Why I Majored in German Studies

Denson Camp ’24

When I first heard that I would have to complete a language requirement at Pomona College, I was slightly put out. My experience with language learning in high school had been less than ideal, and I thought to my myself at the time, “I might as well get this immediately out of the way.” I decided to take Elementary German 1, stemming from a vague interest in the culture and language.

Four years later, and I am an enthusiastic German major at Pomona College, with some of the most wonderful experiences of my life having resulted directly from this decision. Majoring in German at Pomona has allowed me to explore an incredibly fascinating culture and language with some of the most empathetic, warm and knowledgeable faculty and students I have ever had the pleasure to work with. The history, culture and modern significance of Germany (and other German-speaking nations) has a bounty of riches to offer, from the artistic and philosophical tradition to the contemporary benefit of studying one of the world’s strongest economies.

My experience studying abroad in Freiburg, Germany, for a semester was not only an enriching cultural learning experience but one of the happiest times of my life. Majoring in German at Pomona College allows for the perfect, well-rounded liberal arts experience, where one can dive deep into the passions of the major, while still having time to explore other interests and fields of study that Pomona has to offer. I can’t imagine having made any other decision, and I look forward to going into the world with the lessons and skills my German major has given me.

Alexej Latimer ’24

I was drawn to the German Department within my first semesters at Pomona College during our full remote learning-based year.

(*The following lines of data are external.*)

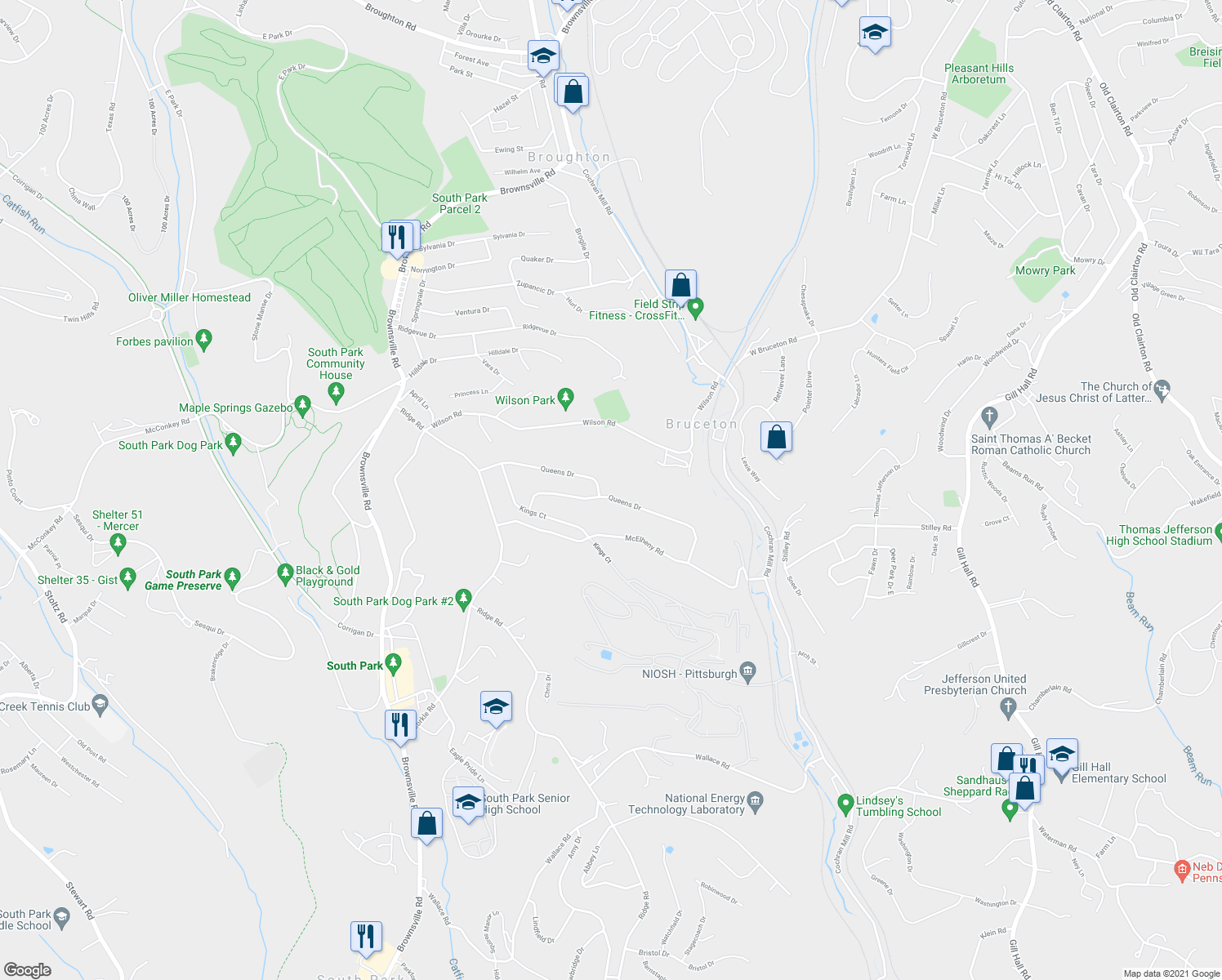 map of restaurants, bars, coffee shops, grocery stores, and more near 1700 Queens Drive in South Park Township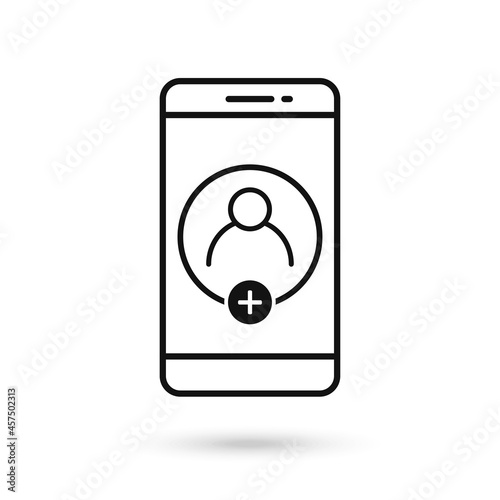 Mobile phone flat design icon with template blank with avatar sign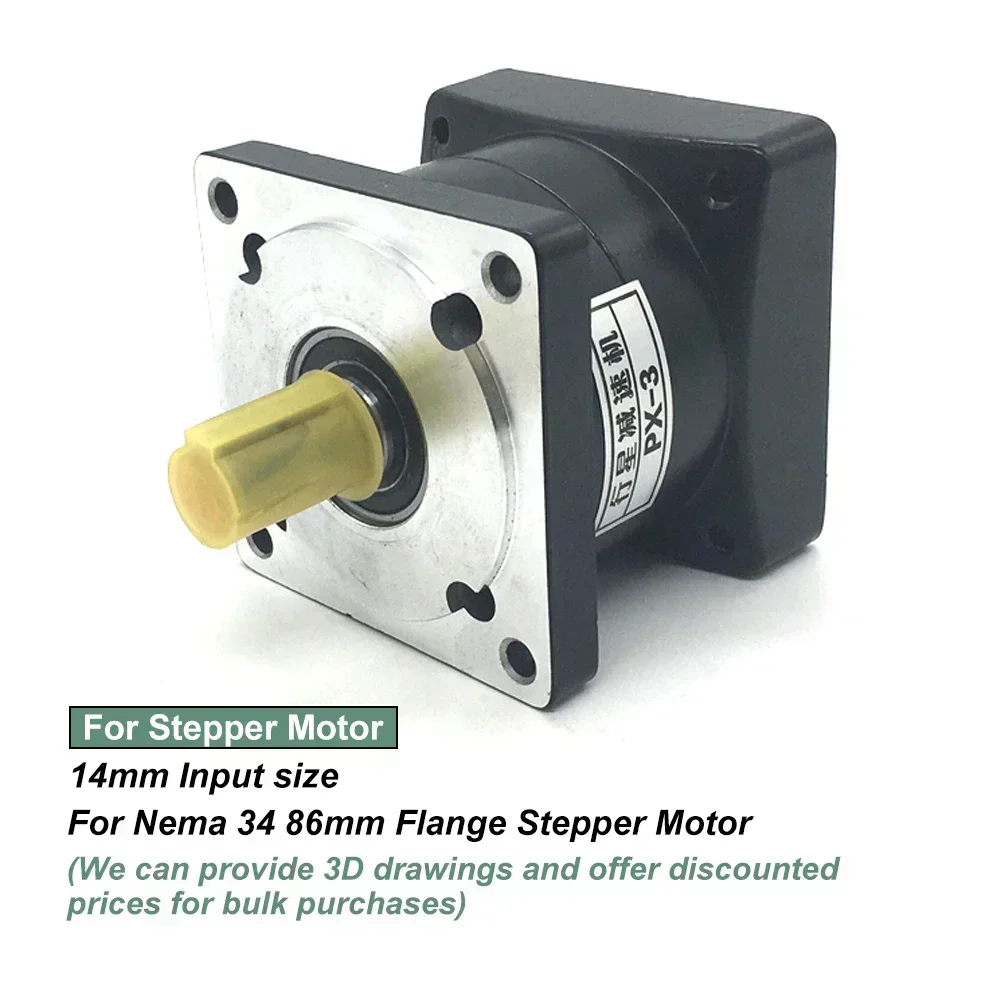 Nema34 Planetary Gearbox Motor Reducer Step-down Gearbox 14mm Input Ratio 5:1/10:1/50:1/100:1 for 86 Stepper Motor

Rooting myself in both present-day and staple literatures within the discipline, I am drawn to the power of German in poetic and theoretical frameworks. Focusing cultural and institutional rigidities within central Europe have angled my intellectual inquiry towards the careful bilingual marriage of sources drawn from the fields of critical legal, neocolonial, abolitionist and Africana studies alongside rich historical narratives of pre-Enlightenment to contemporary German philosophical and cultural scholarship and archive.

I wish to complicate the systemic structures in Western society through educational and demographic considerations. More than ever, the evolution of Europe is dependent on how conventionally overlooked or illegitimated histories render within the collective consciousness. The Pomona College German Department along with the Brueckner Summer Travel Grant have fostered my capacity to generate interdisciplinary work on such histories and their relevance for cultural, political and economic life today.